Top of Exercise inputs
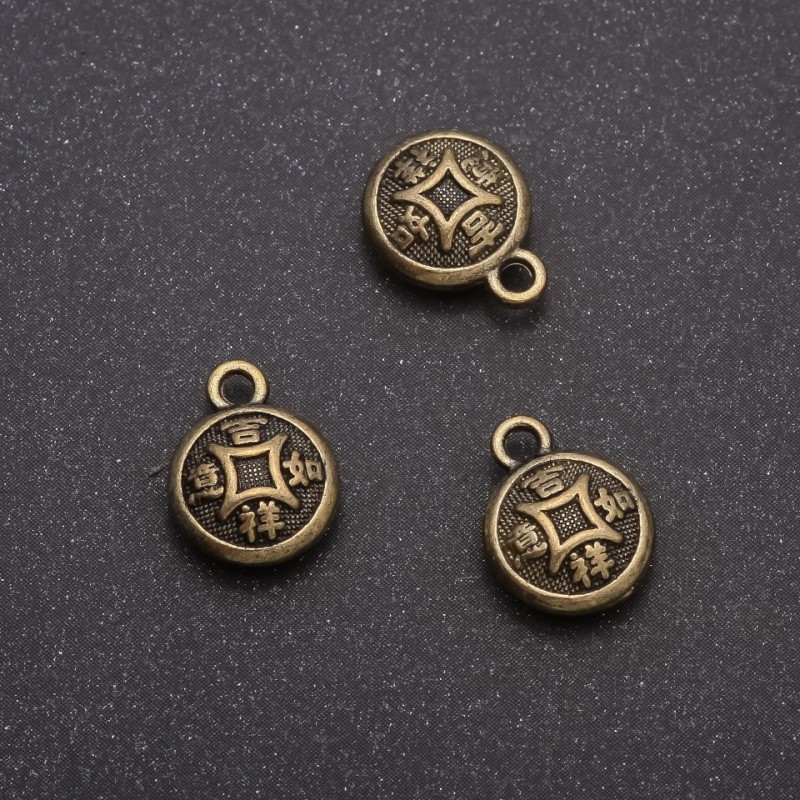 Zawieszka monetka z brązu, średnica 10×13 mm, masa 20 g ± 14 sztuk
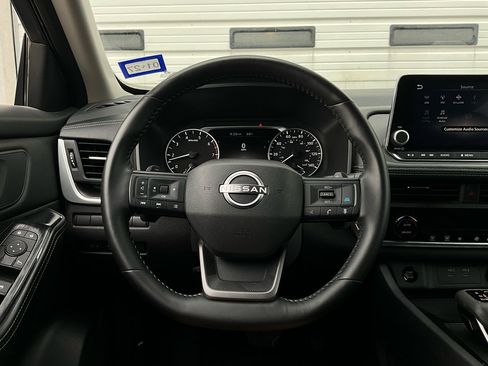 Used 2025 Nissan Rogue SV image 31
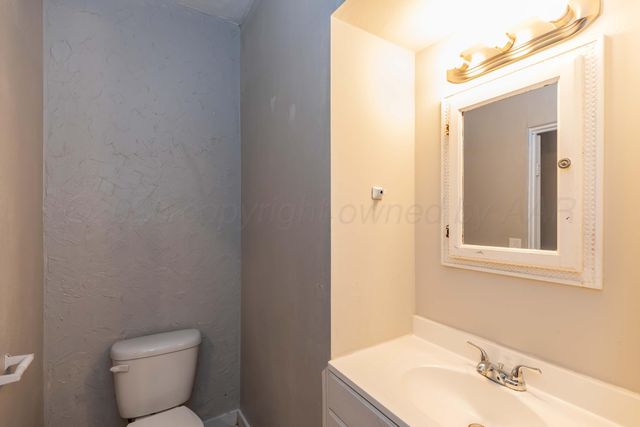 2214 S TAYLOR Street, Amarillo, TX 79109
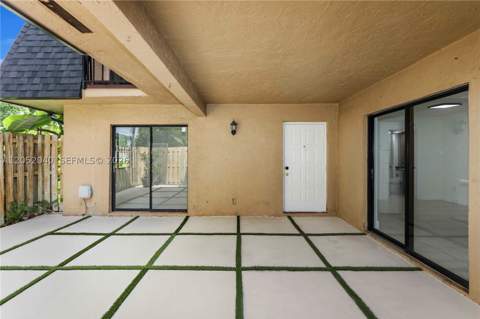14213 SW 94th Cir Ln 104-8, Miami FL - photo 6 of 37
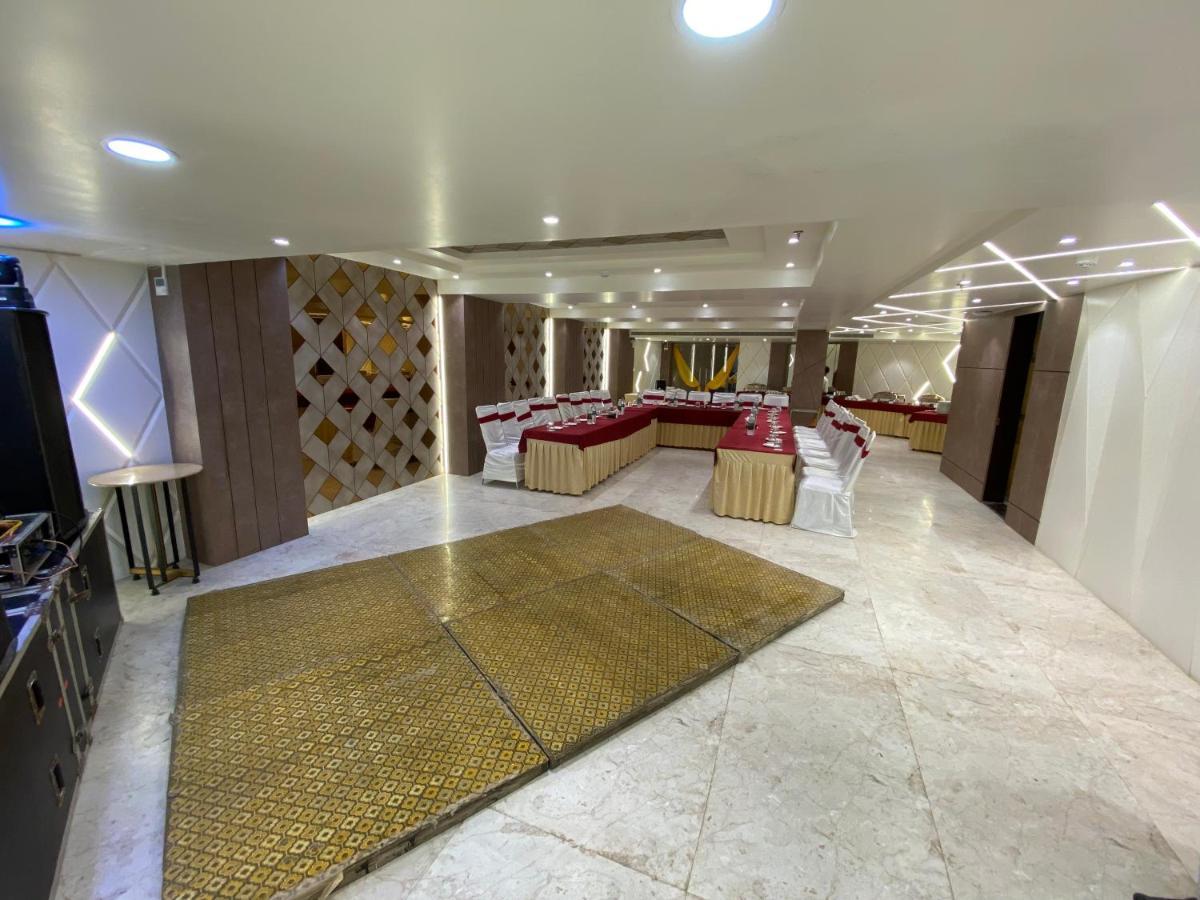 Hotel D Silverleaf Lucknow Exterior photo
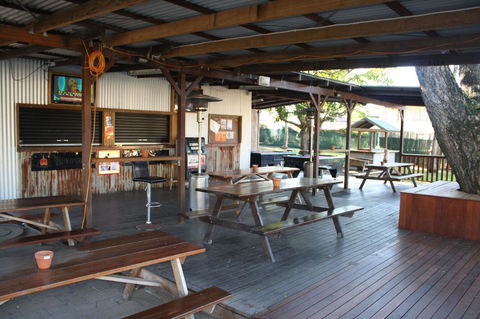 Nomads Airlie Beach - Holiday Adelaide 2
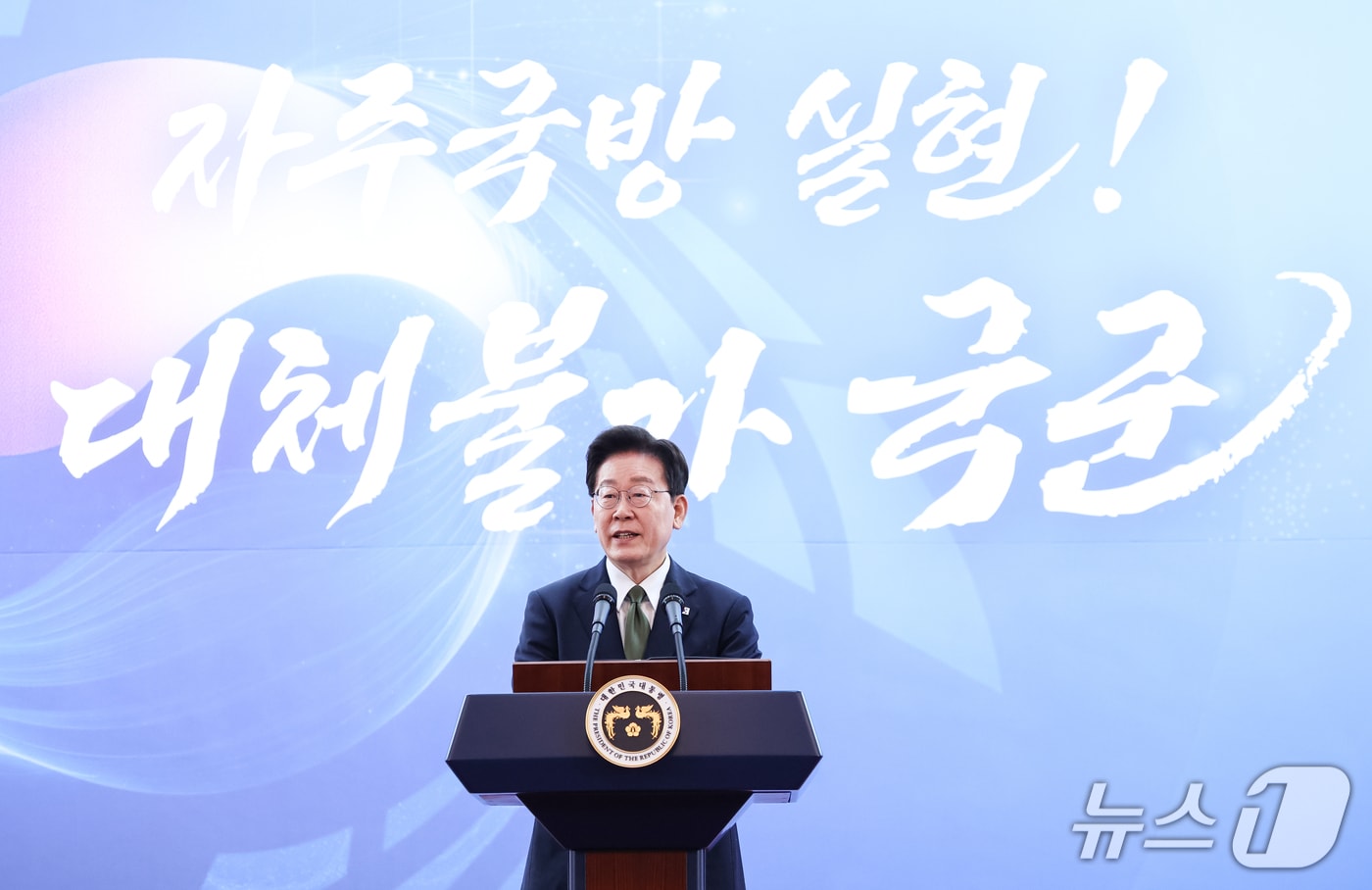 극초음속 활공비행체, 최초 시험발사 성공…이 대통령 참관
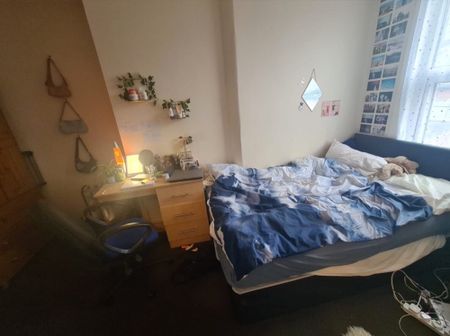 5 Bed - 20 Walmsley Road, Hyde Park, Leeds - LS6 1NG - Student - Photo 4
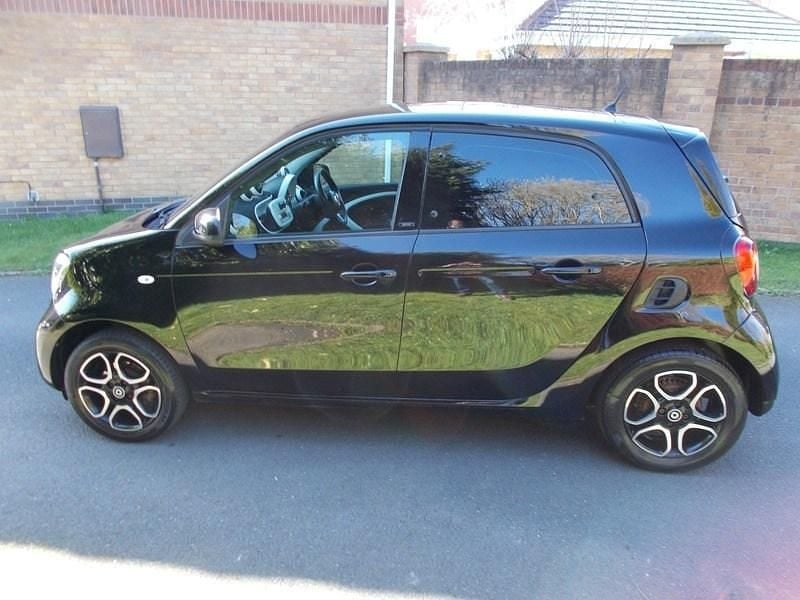 Used Smart ForFour Prime 71 HP (52 kW) 2015 Black Hatchback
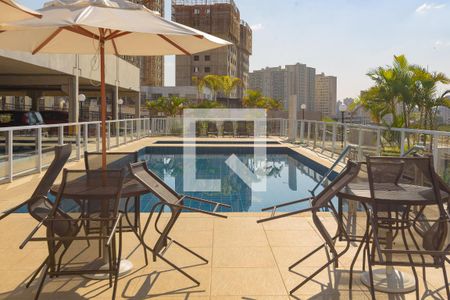 Apartamento à venda com 45m², 2 quartos e 1 vaga Apartamento à venda com 45m², 2 quartos e 1 vagaÁrea comum - Piscina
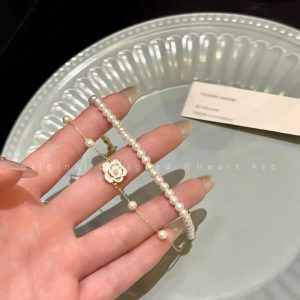 Camellia double-layered pearl bracelet for girls, light luxury, niche delicate hand ornaments, elegant temperament, high-end accessories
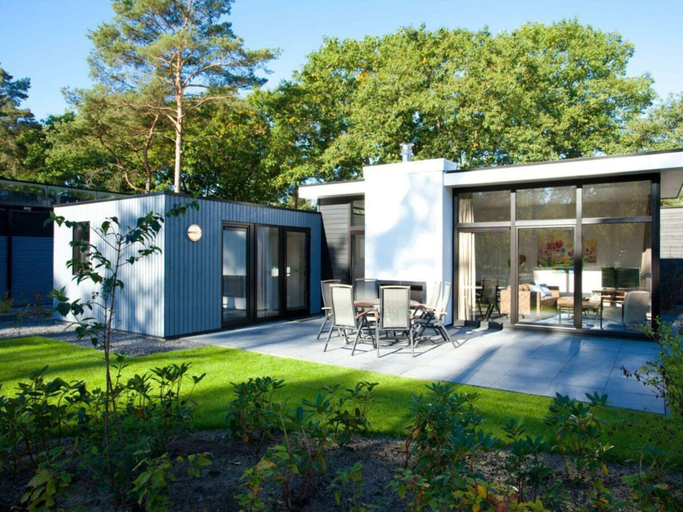 Outdoor dining 4, Holiday Home in Olburgen With Terrace, Steenderen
Bottom of Exercise inputs
**Exercise details:** While leaving pictures out, reproduce exactly the lines from the beginning of the listing above through the line containing "Nomads Airlie Beach - Holiday Adelaide 2", both ends included.

**Answer to the problem:**
 Zawieszka monetka z brązu, średnica 10×13 mm, masa 20 g ± 14 sztuk
 Used 2025 Nissan Rogue SV image 31
 2214 S TAYLOR Street, Amarillo, TX 79109
14213 SW 94th Cir Ln 104-8, Miami FL - photo 6 of 37
 Hotel D Silverleaf Lucknow Exterior photo
 Nomads Airlie Beach - Holiday Adelaide 2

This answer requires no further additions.